The Ice Cream Queen of Orchard Street by Susan Jane Gilman

The Ice Cream Queen of Orchard StreetMalka is a young child when her Russian Jewish family flees the pogroms to begin a new life in America. Like most Eastern Europeans who came in the early 20th Century, they find themselves crammed into the tenements of New York and working for pennies. Unlike other families, Malka’s family does not succeed in climbing their way out of poverty. Malka finds herself orphaned and crippled at age eight. She is taken in by an Italian family who makes Italian Ices and Ice Cream. Despite all this, Malka is determined to succeed on her own, even when she suffers setback after setback.

Mr. Dinallo, who adopts Malka, is kind but tough. He feels responsible for her since it was his ice cream cart that hit Malka and caused her disability. He takes her in, changes her name to Lilian, and teaches her about the ice cream trade. Lilian even adopts the Catholic religion to fit in. Yet she is never really considered to be one of the family. She sleeps in the store instead of in their apartment, and has to do the menial labor that none of his real children want to do. After Mr. Dinallo dies, Lilian believes her life will remain intertwined with the family forever, but fate conspires against her once more.

Lilian does find happiness when she falls in love with Albert Dunkle, a poor but handsome man. They begin an ice cream business of their own, starting with just one machine and a truck. Their rise to fortune mirrors the struggles of the United States; barely getting by during the depression in the 1930’s, being separated as Albert goes off to war, and prosperity finally coming after World War Two ends. By the early 1960’s, Malka Treynovsky has transformed into Lilian Dunkle the Ice Cream Queen, the fabulously rich and popular host of a children’s television show. Privately, though, she is still the caustic, tough girl from the tenements.

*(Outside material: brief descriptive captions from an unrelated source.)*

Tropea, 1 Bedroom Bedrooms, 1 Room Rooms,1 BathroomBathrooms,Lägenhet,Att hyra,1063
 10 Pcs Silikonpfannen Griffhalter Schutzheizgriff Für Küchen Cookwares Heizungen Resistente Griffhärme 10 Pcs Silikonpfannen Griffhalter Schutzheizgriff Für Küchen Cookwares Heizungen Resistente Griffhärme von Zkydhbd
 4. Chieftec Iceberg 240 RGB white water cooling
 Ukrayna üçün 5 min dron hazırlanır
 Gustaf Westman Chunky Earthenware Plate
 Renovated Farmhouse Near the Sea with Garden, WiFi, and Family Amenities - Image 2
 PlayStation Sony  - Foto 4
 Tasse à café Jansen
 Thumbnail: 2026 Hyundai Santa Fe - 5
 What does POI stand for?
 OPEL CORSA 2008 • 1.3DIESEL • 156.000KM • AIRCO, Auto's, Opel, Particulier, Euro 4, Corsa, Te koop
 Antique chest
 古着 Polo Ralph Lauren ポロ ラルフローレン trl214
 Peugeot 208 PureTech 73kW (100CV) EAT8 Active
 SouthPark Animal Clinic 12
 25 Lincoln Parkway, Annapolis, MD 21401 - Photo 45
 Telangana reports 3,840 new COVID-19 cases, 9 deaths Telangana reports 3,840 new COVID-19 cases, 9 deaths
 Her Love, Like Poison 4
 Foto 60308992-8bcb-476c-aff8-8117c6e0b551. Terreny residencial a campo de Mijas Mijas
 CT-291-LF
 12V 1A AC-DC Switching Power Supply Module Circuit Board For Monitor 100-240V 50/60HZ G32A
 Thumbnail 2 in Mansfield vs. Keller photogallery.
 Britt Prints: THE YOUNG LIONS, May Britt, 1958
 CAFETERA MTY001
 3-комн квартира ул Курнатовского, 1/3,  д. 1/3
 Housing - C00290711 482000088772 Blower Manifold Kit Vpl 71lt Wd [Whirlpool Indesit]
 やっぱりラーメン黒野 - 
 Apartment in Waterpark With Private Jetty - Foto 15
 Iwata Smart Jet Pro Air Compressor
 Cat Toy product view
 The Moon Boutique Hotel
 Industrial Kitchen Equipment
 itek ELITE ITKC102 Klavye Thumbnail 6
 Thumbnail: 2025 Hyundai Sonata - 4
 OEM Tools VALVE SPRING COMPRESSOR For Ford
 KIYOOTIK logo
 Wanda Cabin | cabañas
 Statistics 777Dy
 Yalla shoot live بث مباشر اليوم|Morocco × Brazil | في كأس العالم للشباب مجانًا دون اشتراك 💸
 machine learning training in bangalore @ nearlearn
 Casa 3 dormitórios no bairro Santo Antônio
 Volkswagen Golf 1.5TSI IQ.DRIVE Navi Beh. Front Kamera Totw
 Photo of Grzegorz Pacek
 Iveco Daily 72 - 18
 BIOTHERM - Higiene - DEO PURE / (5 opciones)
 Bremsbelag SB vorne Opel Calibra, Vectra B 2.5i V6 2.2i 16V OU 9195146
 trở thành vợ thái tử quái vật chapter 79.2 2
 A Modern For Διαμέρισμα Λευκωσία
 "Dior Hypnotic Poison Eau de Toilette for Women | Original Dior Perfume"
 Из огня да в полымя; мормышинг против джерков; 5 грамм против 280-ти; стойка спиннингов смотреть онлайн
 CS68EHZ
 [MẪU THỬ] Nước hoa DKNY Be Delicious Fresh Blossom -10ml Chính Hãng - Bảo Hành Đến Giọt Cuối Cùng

I loved the feisty voice of the narrator, and the fact that she was not perfect. She had a lot of bad things happen to her, but she fought back with vengeance, not sweet acceptance. This was a pleasant change from novels with a long suffering hero or heroine who triumphs by being perfect and righteous.

The Ice Cream Queen is Gilman’s first novel, but if you enjoy her wonderful sense of humor, try her memoir Hypocrite in a Pouffy White Dress.